In mattinata, invece, come pre-annunciato dal commissario Arcuri comincia la consegna di gel e mascherine alle scuole. Le consegne saranno effettuate presso la sede principale delle istituzioni scolastiche nelle fasce orarie che vanno dalle 8 alle 13 e dalle 14 alle 18.

Ieri, intanto, Regioni e governo non hanno trovato la quadra su scuolabus e dispositivi di protezione in vista dell’inizio delle lezioni e della ripresa delle attività.

Dal confronto spicca un deciso “no” alle mascherine in classe” e un avvertimento: “Impossibile ripartire così senza evitare il caos dei trasporti, perché in molti rischiano di non raggiungere istituti o luoghi di lavoro”.

Il premier Giuseppe Conte, però, secondo quanto segnala Il Messaggero, è duro: “Non si deve fare campagna elettorale sulla pelle degli studenti.
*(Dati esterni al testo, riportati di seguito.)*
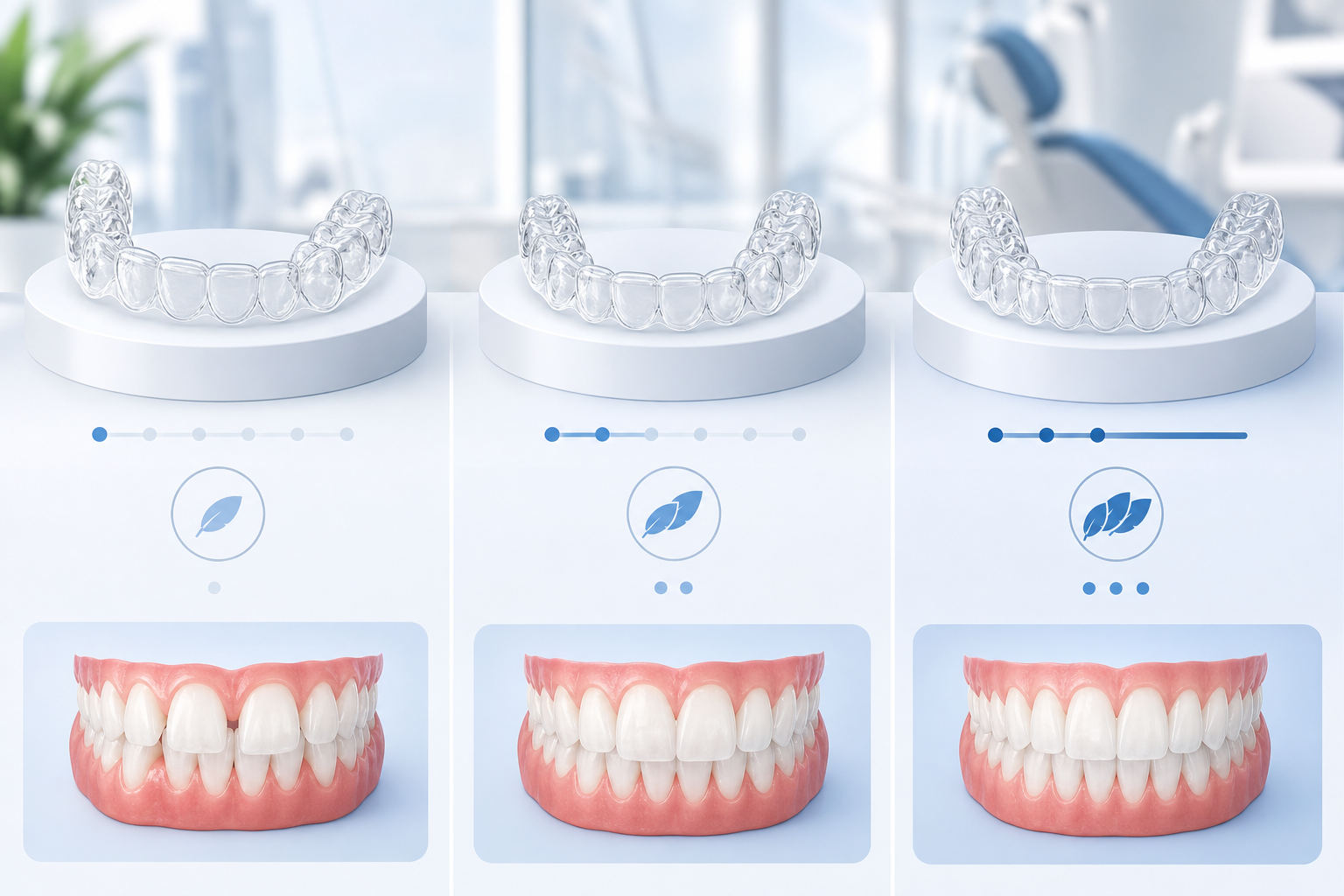 A modern, clear comparison chart infographic showing three progressive transparent dental aligner st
La riunione è stata costruttiva e puntiamo già venerdì ad avere il via libera delle Regioni al protocollo unico di sicurezza nelle scuole in caso di contagio”.

C’è un sospetto che aleggia. I governatori del centrodestra agiscono da guastatori per far fallire la riapertura delle scuole per poi attaccare il governo.